PICKLE-GETATTR - JFrog Security Research

A Pickle-based model contains serialized Pickle data which may cause execution of malicious Python code when the model is loaded, using the getattr function.

Many ML model formats such as PyTorch, JobLib, NumPy and more, use Python's Pickle serialization format as part of their internal storage.

The Pickle format is well-known to be a dangerous serialization format, since in addition to serialized data, it may contain serialized code which will be automatically executed when the Pickled/Serialized file is loaded.

Specifically - the potentially malicious Python code may contain a reference to the getattr function, which is considered a malicious function by many ML model scanners.

While getattr is a basic method used in many legitimate codebases, it can be abused in order to run malicious code.

[v] Model Load

[] Model Query

[] Other

Many legitimate ML libraries such as fastai use getattr for valid reasons when training an ML model.

In many deep learning frameworks, especially in object detection models, the getattr function is commonly used in model definitions.

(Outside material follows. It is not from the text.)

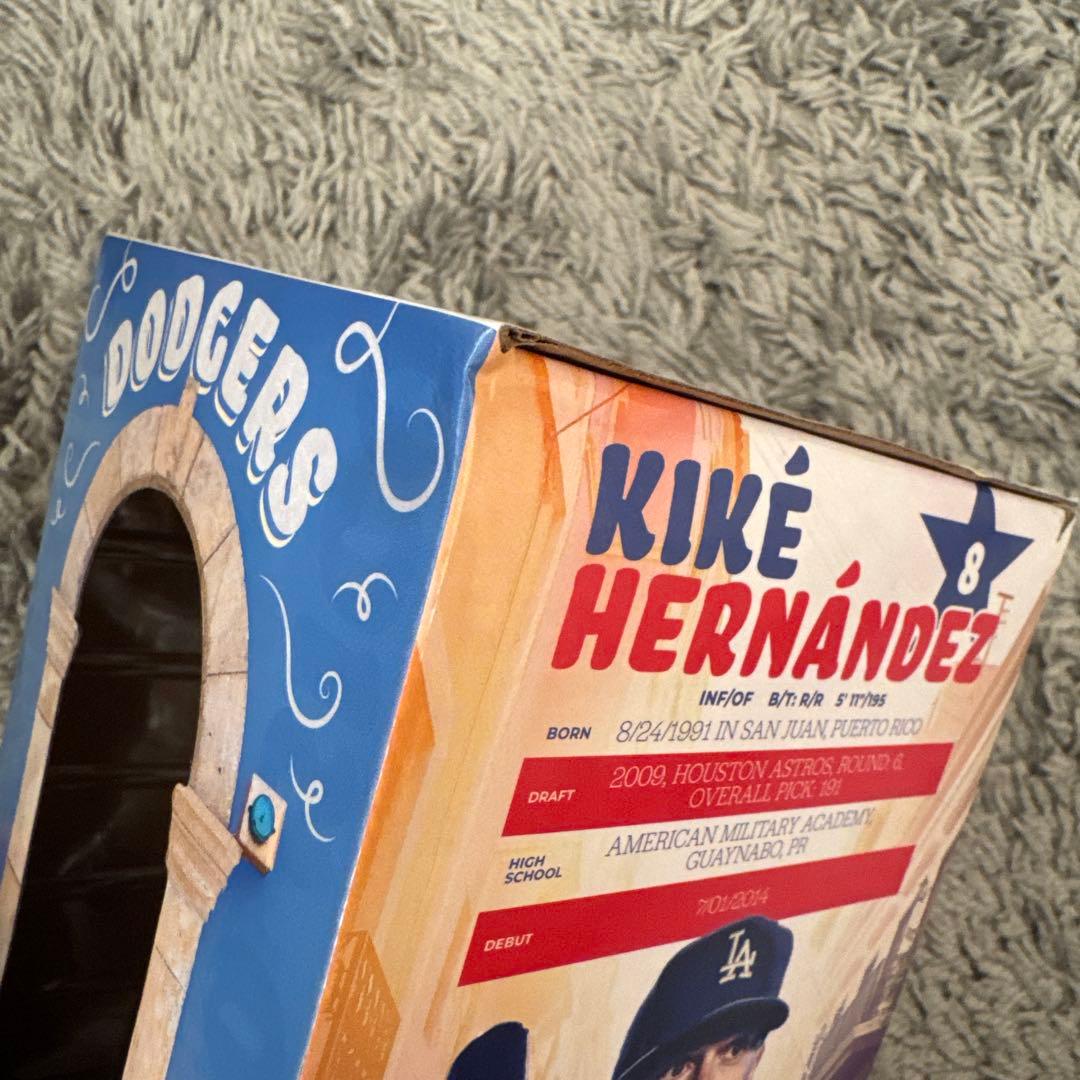 キケヘルナンデス ボブルヘッド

It dynamically retrieves methods or attributes based on their names, allowing for greater flexibility in execution.

However, getattr can be abused for malicious purposes. For example -

def process_data(user_input):
     dangerous_func = getattr(os, 'system')
     dangerous_func(f'echo Processing {user_input}')
 user_controlled_input = "data; rm -rf ~/*" 
 process_data(user_controlled_input)

In this example, getattr() allows for dynamically calling the os.system method in a stealthy manner, that leads to the execution of a destructive shell command.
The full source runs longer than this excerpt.